My Father introduced me to this music. his name is Bert Green, he was born in pittsburgh, pennsylvania, in 1928. he played the tenor saxophone with all his heart, and while he consistently showed me throughout my precious time with him a selfless admiration for any cat who could really play the horn, his musical hero and prime inspiration was unquestionably Lester Willis Young, ‘Prez’. recordings like the 1936 Count Basie small group session with ‘shoe shine boy’ and ‘lady be good’, his solos with the Basie orchestra in the late 1930’s into the early ’40’s, and most of all the dreamworld realm of Prez’s recordings with Billie Holiday, formed the core foundation for my Father as a tenor player. you could hear and feel it whenever he put that 1938 lacquer-barren selmer balanced-action tenor in his mouth. my Dad. pretty much my Father’s last words to me years later as he was dying in his bed at home, were ‘you’re a beautiful cat’. that’s what my Dad was; a beautiful cat.
he seemed to understand musical expression profoundly as a listener, be it Bartok or Slim and Slam, and as a player he swung and played the blues. he made no secret that he expected authenticity from me as a Jazz musician, as his ‘son-of-the-righthand-man’, which he explained to me is what my name, Benjamin, means.
he always wanted the very best for me. ‘in our household, music comes before medicine’, i clearly remember him telling me when i was around ten years old. he made sure i understood the importance of being able to read music. years later, in 1984 when i was 21 and on my first commercial recording session, i was thanking my Dad silently in my heart for what he’d shown me. i still thank him inside wherever i go to play or teach, he is right inside of me, more than ever before.

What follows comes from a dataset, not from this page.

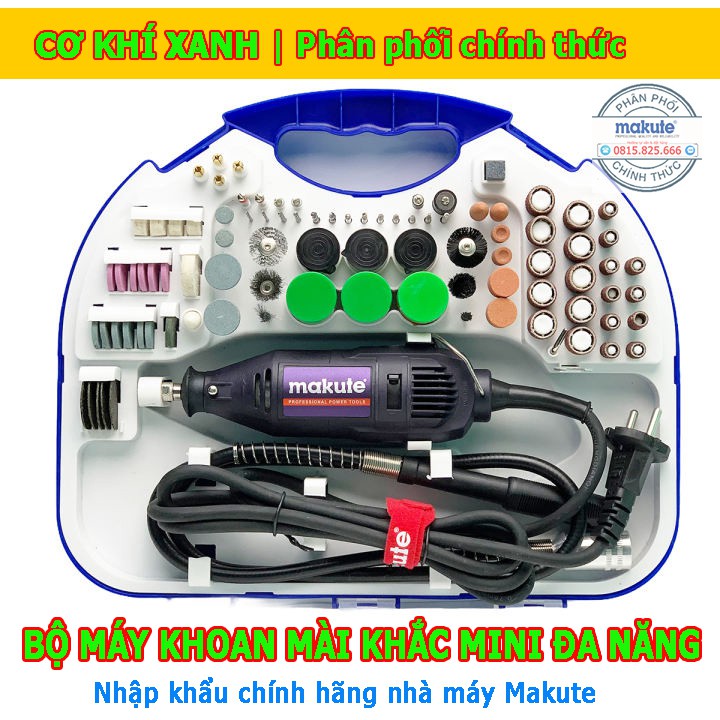 Bộ Máy Khoan Mài Cắt Khắc Mini Đa Năng 196 chi tiết 6 tốc độ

when i kept repeatedly coming back to the garage behind our house at the age of 8 or 9, to sit quietly with my dad as he sculpted and listened with an ear-to-ear grin to his Thelonious Monk, Charlie Parker and Ray Charles l.p.’s on his portable phonograph, he and i both realized that i was fast getting the ‘bug’. once you have it, nothing can quite get inside you like the feeling of real Jazz, meaning that the improvisation truly swings and has some authentic blues feeling to it, as well as taking chances and spontaneously executing them with virtuosity. there is infinitely more to Jazz than i will ever begin to ‘know’, but i will and DO put my life on the line that with the removal of these essential vertebrae, calling something ‘jazz’ does NOT make it so.
one day, my dear Dad, with such a careful and caring tone which he maintained to me as a musician to the day he died, and honestly i still hear his voice inside me in each day of my life, told me ‘if you’re really interested in this music we’ve been listening to, you should understand that it’s a black people’s music. other people can play it and enjoy it; i do as you can see, but you need to know where it’s coming from’.
Betty Carter is in all truthfulness, whether i remember it in each day or not, effectively my musical mother. Art Blakey, Ray Brown, Oscar Peterson, Milt Jackson and Freddie Hubbard all blessed my life by inviting me to participate in their music, included me on their recordings and live shows, and Art, Ray and Freddie even recorded my original tunes on their records. i have something to share today because i got to play with the hardest swinging bassist and drummer in the history of Jazz; i got to feel this!
i have always wanted to belong and be included and be a part of The Music, black-american music, Jazz. anyone who has ever gotten to know me or been in my home, knows exactly what i’m about. i love classic Blue Note quintet records, and the sound and feeling of a trumpet-saxophone front line like Lee Morgan and Hank Mobley or Kenny Dorham and Jackie McLean, is what i love, and it inspires the music i write. i am a Jazz Messenger, my life is dedicated to Jazz.